125. It is settled that land that was reserved for public use was considered as alienated land and as such the same is not available to the Commissioner of Lands for allocation for private use. The suit property was registered under the Registration of Titles Act, Chapter 281 Laws of Kenya (now repealed). Section 23 of the Registration of Titles Act provides as follows:“The certificate of title issued by the registrar to a purchaser of land upon a transfer or transmission by the proprietor thereof shall be taken by all courts as conclusive evidence that the person named therein as proprietor of the land is the absolute and indefeasible owner thereof, subject to the encumbrances, easements, restrictions and conditions contained therein or endorsed thereon, and the title of that proprietor shall not be subject to challenge, except on the ground of fraud or misrepresentation to which he is proved to be a party”.
126. Section 26 of the Land Registration Act, Act, 2012 which repealed the Registration of Titles Act, provides as follows:“26. (1)The certificate of title issued by the Registrar upon registration, or to a purchaser of land upon a transfer or transmission by the proprietor shall be taken by all courts as prima facie evidence that the person named as proprietor of the land is the absolute and indefeasible owner, subject to the encumbrances, easements, restrictions and conditions contained or endorsed in the certificate, and the title of that proprietor shall not be subject to challenge, except—(a)on the ground of fraud or misrepresentation to which the person is proved to be a party; or(b)where the certificate of title has been acquired illegally, unprocedurally or through a corrupt scheme.(2)A certified copy of any registered instrument, signed by the Registrar and sealed with the Seal of the Registrar, shall be received in evidence in the same manner as the original.”

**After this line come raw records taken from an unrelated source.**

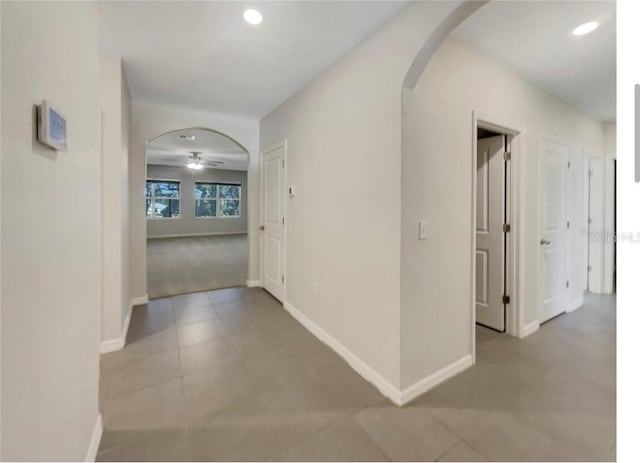 133 Hickory Course Cir, Ocala, FL 34472 - corridor featuring arched walkways, recessed lighting, and tile patterned floors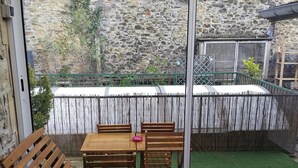 A wooden lounge chair and table set up near a sliding glass door, with a stone wall and greenery visible outside.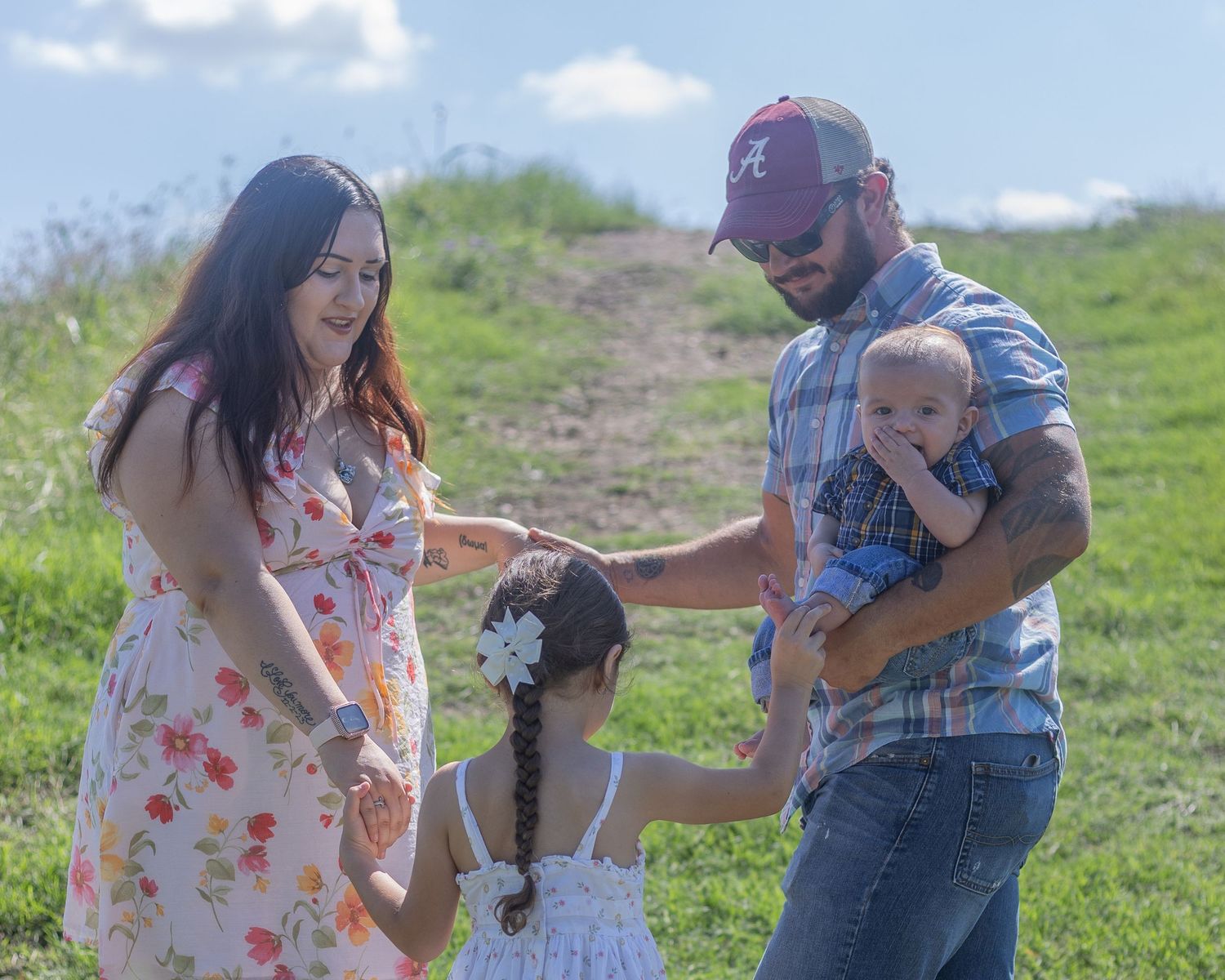 Happy family of four with young daughter and baby boy enjoy a sunny day on a green hillside.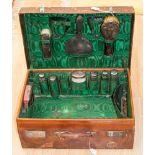 An Edwardian travel toilet case with silver topped glass bottles, mirror, brushes, clock case,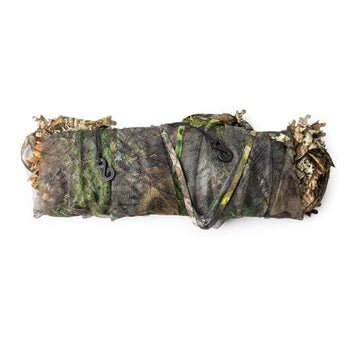 Nukem Stake loops and brush camouflage enhance field concealment.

127. Article 40 of the Constitution provides that:“(1)Subject to Article 65, every person has the right, either individually or in association with others, to acquire and own property–(a)of any description; and(b)in any part of Kenya.(2)Parliament shall not enact a law that permits the State or any person—(a)to arbitrarily deprive a person of property of any description or of any interest in, or right over, any property of any description; or(b)to limit, or in any way restrict the enjoyment of any right under this Article on the basis of any of the grounds specified or contemplated in Article 27 (4).(3)The State shall not deprive a person of property of any description, or of any interest in, or right over, property of any description, unless the deprivation—(a)results from an acquisition of land or an interest in land or a conversion of an interest in land, or title to land, in accordance with Chapter Five; or(b)is for a public purpose or in the public interest and is carried out in accordance with this Constitution and any Act of Parliament that—(i)requires prompt payment in full, of just compensation to the person; and(ii)allows any person who has an interest in, or right over, that property a right of access to a court of law.(4)Provision may be made for compensation to be paid to occupants in good faith of land acquired under clause (3) who may not hold title to the land.(5)The State shall support, promote and protect the intellectual property rights of the people of Kenya.(6)The rights under this Article do not extend to any property that has been found to have been unlawfully acquired.”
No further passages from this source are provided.